§ **About this exercise**
Your task is to transcribe exactly, and only, the lines running from the one with "Spin up your" to the end of the listing below, inclusive, with every picture left out.

◇ ◇ ◇

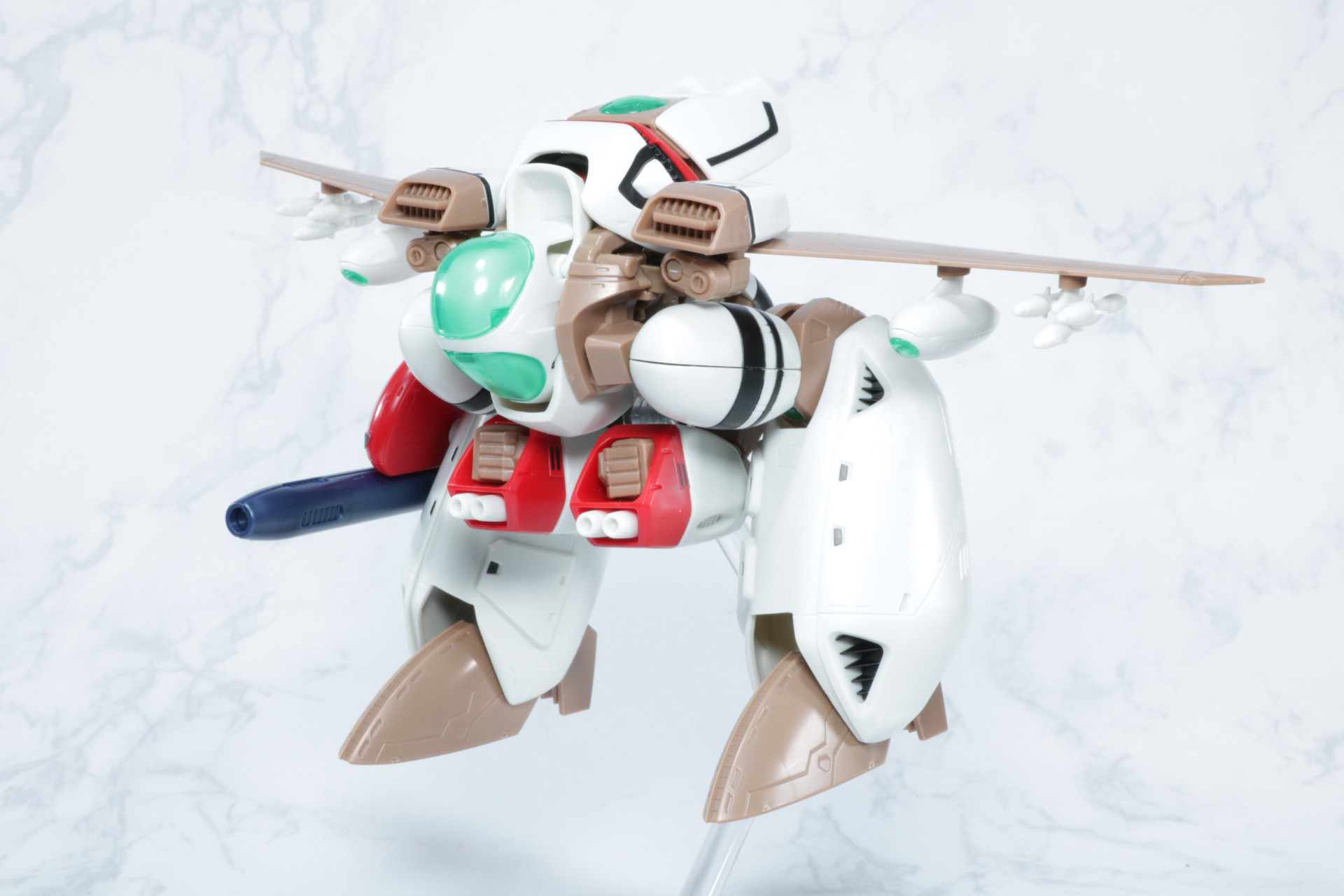 オーガロイド、フライヤーの中間形態といえるガウォーク形態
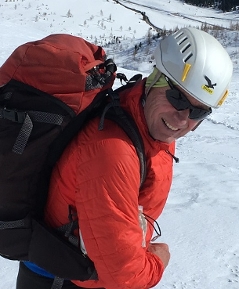 Hannes Reissegger Skitourengeher
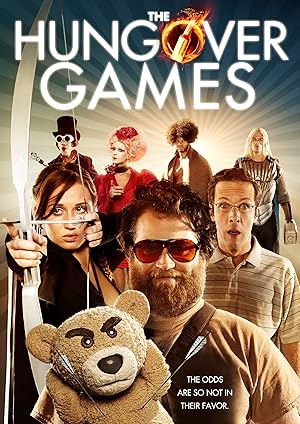 Download The Hungover Games (2014) Dual Audio [Hindi + English] WeB-DL 480p | 720p | 1080p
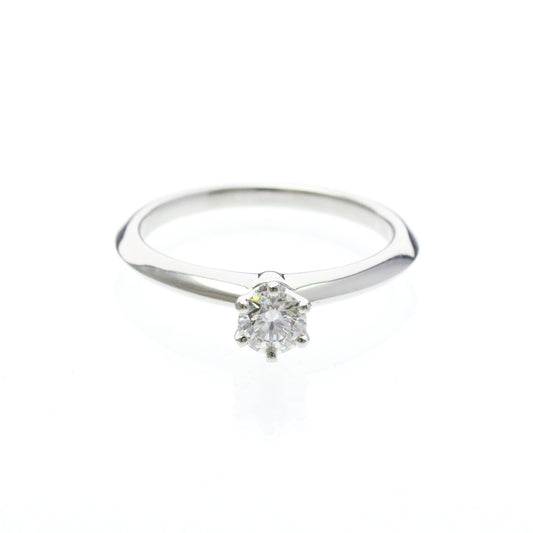 Tiffany & Co. Tiffany Setting Solitaire Platinum with RBC Diamond Product Image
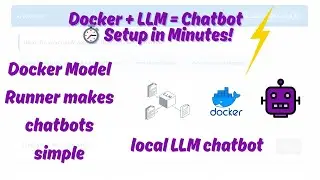 Spin up your AI-Chatbots in minutes| Local LLM chatbot| Docker Model Runner makes chatbots simple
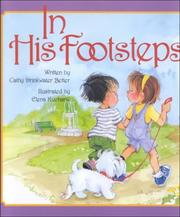 Cover of: In His Footsteps by Cathy Drinkwater Better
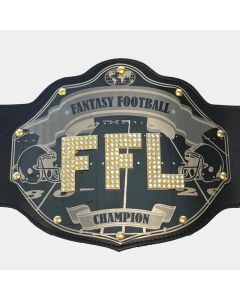 Bling Football Championship Belt New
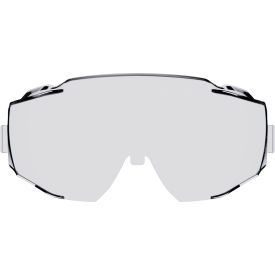 MODI-RL Replacement Lens For OTG Safety Goggles, Anti-Scratch & Anti-Fog, Clear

◇ ◇ ◇

§ **Answer to this task**
 Spin up your AI-Chatbots in minutes| Local LLM chatbot| Docker Model Runner makes chatbots simple
 Cover of: In His Footsteps by Cathy Drinkwater Better
 Bling Football Championship Belt New
 MODI-RL Replacement Lens For OTG Safety Goggles, Anti-Scratch & Anti-Fog, Clear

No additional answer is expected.